■ **YOUR OBJECTIVE**:
Exactly as written, reproduce the lines from the one that contains "Velký tvrdý kufr Semi Line T5494-5 26 Modrá" through the end of the records.

■ **Brief descriptive captions**:
*** Begin section ***

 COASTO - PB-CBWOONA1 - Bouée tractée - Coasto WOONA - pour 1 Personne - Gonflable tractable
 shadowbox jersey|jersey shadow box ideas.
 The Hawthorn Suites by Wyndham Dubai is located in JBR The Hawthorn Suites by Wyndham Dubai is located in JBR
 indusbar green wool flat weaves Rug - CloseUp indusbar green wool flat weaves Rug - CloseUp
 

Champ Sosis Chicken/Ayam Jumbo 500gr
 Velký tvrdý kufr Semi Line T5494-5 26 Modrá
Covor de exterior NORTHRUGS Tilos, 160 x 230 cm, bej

*** End section ***

■ **SOLVED EXERCISE**:
 Velký tvrdý kufr Semi Line T5494-5 26 Modrá
Covor de exterior NORTHRUGS Tilos, 160 x 230 cm, bej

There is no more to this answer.